*WHAT THE TASK ASKS*
If a line comes after the one containing "Renault Scenic 2.0-16V", leave it out; copy every line before it, and that line too, exactly as written, starting from the first line of the entries.

=== INPUT MATERIAL ===

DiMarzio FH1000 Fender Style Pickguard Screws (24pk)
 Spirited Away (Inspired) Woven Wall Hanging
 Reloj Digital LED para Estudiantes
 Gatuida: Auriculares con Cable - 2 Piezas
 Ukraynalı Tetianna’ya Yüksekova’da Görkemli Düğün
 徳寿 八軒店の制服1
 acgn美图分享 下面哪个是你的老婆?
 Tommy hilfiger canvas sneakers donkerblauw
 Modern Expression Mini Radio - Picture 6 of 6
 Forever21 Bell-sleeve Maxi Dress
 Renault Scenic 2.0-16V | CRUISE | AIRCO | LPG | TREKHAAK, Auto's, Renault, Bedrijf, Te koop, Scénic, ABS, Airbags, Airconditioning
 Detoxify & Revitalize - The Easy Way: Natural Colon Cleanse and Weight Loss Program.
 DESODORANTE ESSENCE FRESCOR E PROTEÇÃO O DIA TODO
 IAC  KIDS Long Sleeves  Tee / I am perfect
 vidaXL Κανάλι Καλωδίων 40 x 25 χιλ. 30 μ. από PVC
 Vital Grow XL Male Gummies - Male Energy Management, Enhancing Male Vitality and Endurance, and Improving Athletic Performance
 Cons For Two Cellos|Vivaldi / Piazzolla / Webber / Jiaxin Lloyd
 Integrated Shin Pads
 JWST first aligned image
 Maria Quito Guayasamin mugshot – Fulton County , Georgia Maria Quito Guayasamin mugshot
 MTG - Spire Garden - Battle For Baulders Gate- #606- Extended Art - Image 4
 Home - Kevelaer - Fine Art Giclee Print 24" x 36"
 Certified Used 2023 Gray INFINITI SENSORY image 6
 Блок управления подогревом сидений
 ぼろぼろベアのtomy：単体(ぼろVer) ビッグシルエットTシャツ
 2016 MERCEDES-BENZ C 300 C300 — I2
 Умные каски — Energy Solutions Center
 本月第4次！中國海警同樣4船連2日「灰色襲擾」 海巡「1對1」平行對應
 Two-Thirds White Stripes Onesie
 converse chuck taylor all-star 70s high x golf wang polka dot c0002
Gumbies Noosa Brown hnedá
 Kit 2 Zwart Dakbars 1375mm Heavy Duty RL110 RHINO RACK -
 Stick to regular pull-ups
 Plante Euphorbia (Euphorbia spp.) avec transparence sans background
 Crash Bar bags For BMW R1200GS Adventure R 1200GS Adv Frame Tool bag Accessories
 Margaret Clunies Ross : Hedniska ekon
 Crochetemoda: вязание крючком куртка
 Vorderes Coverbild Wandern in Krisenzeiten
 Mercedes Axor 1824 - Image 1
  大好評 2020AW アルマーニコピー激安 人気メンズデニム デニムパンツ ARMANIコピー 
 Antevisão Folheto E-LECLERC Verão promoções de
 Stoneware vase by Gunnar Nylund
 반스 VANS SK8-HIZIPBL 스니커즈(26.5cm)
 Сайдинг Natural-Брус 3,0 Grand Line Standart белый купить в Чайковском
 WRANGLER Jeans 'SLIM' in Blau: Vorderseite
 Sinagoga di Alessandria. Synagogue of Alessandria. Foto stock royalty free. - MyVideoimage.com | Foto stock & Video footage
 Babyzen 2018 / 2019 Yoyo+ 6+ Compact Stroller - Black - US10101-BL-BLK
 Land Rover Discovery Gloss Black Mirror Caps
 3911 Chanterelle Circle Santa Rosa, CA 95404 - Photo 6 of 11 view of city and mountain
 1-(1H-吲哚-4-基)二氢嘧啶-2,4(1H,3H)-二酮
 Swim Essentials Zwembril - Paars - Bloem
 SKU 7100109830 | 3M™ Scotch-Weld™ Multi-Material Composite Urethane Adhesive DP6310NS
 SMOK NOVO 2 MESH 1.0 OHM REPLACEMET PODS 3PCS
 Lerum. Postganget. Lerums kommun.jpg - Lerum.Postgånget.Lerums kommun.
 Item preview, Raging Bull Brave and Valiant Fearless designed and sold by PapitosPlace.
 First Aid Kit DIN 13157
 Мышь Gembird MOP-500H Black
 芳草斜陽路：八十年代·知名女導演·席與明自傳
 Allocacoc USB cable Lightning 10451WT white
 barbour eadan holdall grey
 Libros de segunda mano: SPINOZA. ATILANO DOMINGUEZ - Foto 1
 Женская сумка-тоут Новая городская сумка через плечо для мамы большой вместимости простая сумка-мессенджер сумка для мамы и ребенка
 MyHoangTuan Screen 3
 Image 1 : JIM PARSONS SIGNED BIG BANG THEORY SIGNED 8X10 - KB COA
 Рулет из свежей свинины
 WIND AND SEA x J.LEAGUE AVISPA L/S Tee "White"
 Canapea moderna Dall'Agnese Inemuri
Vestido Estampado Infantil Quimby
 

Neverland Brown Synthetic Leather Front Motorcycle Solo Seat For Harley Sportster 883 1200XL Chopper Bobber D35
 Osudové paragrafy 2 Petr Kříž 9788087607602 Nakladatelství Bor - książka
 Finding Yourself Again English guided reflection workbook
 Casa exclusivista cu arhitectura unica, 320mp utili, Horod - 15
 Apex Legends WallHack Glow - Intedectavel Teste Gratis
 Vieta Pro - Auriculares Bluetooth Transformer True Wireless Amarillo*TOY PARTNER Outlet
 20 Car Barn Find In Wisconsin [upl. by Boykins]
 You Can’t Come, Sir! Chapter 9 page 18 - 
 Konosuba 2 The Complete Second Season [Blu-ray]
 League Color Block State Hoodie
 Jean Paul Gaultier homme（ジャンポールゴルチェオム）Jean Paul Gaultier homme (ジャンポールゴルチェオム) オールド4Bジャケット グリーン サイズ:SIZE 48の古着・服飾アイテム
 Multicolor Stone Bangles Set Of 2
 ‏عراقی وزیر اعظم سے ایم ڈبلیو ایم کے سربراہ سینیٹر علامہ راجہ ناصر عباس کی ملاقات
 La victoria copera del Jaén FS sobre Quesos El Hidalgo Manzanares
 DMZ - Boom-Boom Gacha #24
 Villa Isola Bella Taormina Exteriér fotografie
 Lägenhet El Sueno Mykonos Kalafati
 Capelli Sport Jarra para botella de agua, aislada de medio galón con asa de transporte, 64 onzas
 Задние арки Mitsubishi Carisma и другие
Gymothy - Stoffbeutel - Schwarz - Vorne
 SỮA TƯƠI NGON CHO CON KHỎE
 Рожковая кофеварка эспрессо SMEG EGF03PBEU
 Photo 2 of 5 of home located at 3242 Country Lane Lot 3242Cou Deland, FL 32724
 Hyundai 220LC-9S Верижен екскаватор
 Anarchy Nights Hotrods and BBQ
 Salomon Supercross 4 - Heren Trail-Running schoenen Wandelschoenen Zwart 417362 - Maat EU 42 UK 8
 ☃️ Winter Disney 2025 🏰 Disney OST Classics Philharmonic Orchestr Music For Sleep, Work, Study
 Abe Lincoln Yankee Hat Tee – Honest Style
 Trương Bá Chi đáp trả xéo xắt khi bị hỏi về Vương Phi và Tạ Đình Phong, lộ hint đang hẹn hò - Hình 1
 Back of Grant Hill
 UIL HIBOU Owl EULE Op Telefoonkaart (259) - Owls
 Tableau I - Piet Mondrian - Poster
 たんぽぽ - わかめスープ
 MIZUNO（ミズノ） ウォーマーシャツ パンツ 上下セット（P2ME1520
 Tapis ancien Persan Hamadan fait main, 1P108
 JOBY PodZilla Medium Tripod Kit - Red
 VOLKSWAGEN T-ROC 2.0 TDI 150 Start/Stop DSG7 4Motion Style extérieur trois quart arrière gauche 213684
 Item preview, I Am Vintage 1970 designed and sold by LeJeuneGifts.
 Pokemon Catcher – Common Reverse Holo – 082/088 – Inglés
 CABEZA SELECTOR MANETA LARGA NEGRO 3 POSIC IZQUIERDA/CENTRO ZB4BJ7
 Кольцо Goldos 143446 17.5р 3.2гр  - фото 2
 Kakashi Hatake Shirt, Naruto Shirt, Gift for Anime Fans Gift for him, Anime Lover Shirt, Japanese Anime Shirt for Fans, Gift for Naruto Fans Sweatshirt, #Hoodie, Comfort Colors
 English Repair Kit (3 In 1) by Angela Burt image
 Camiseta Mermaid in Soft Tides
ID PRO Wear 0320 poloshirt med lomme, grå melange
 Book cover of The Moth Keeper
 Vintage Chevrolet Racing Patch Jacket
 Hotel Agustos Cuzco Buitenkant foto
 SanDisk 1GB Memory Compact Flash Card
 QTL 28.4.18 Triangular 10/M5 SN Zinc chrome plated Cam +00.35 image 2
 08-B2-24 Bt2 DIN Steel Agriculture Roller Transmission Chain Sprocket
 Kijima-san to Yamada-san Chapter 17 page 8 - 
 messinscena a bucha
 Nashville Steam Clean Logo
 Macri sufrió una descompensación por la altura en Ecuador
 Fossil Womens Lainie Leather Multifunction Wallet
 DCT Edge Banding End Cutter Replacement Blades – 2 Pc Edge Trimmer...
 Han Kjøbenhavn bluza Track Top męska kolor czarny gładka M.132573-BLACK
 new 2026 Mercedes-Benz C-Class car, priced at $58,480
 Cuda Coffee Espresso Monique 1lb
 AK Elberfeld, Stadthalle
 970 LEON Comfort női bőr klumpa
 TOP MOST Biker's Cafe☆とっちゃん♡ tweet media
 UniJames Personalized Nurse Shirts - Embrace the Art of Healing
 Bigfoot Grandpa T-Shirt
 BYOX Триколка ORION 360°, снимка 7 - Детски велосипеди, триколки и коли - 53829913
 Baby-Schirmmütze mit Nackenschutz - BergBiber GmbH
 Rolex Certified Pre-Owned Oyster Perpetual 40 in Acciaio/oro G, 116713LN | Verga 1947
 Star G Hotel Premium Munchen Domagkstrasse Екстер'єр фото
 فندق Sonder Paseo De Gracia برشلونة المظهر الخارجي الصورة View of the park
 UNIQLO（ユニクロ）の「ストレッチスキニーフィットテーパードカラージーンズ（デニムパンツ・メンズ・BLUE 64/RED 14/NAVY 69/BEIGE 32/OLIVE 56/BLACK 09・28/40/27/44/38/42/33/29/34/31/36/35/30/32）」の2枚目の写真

===

*TASK ANSWER*
DiMarzio FH1000 Fender Style Pickguard Screws (24pk)
 Spirited Away (Inspired) Woven Wall Hanging
 Reloj Digital LED para Estudiantes
 Gatuida: Auriculares con Cable - 2 Piezas
 Ukraynalı Tetianna’ya Yüksekova’da Görkemli Düğün
 徳寿 八軒店の制服1
 acgn美图分享 下面哪个是你的老婆?
 Tommy hilfiger canvas sneakers donkerblauw
 Modern Expression Mini Radio - Picture 6 of 6
 Forever21 Bell-sleeve Maxi Dress
 Renault Scenic 2.0-16V | CRUISE | AIRCO | LPG | TREKHAAK, Auto's, Renault, Bedrijf, Te koop, Scénic, ABS, Airbags, Airconditioning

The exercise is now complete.